*** Begin section ***

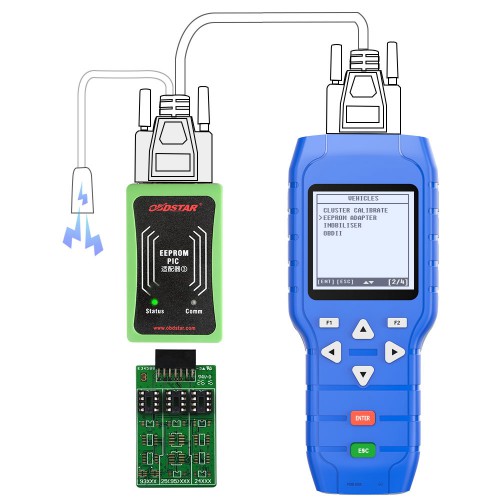 OBDSTAR X-100 PRO X100 PRO Auto Key Programmer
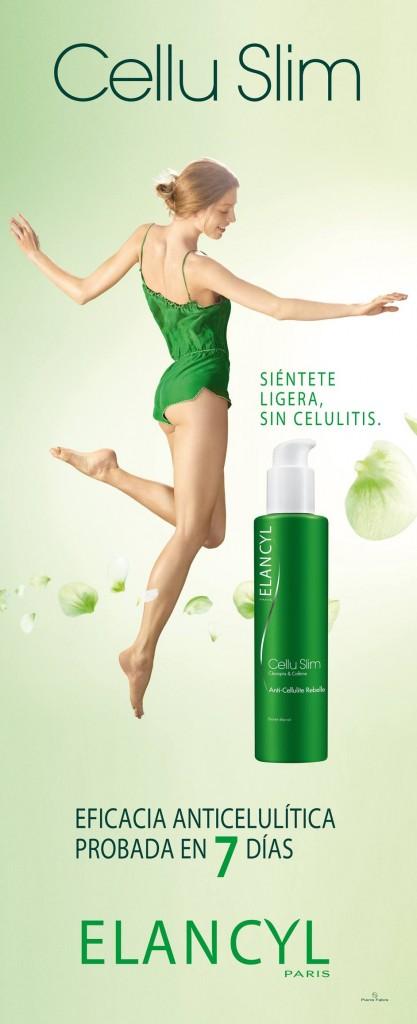 ELANCYL_CELLU-SLIM Display COMO UNA JAULA DE GRILLOS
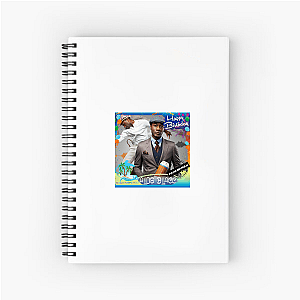 Aloe Blacc Always Inspiring Always Blacc Aloe Blacc Notebook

*** End section ***

Task directions »
Word for word, restate all of the material, omitting the images.

Result below »
 OBDSTAR X-100 PRO X100 PRO Auto Key Programmer
 ELANCYL_CELLU-SLIM Display COMO UNA JAULA DE GRILLOS
 Aloe Blacc Always Inspiring Always Blacc Aloe Blacc Notebook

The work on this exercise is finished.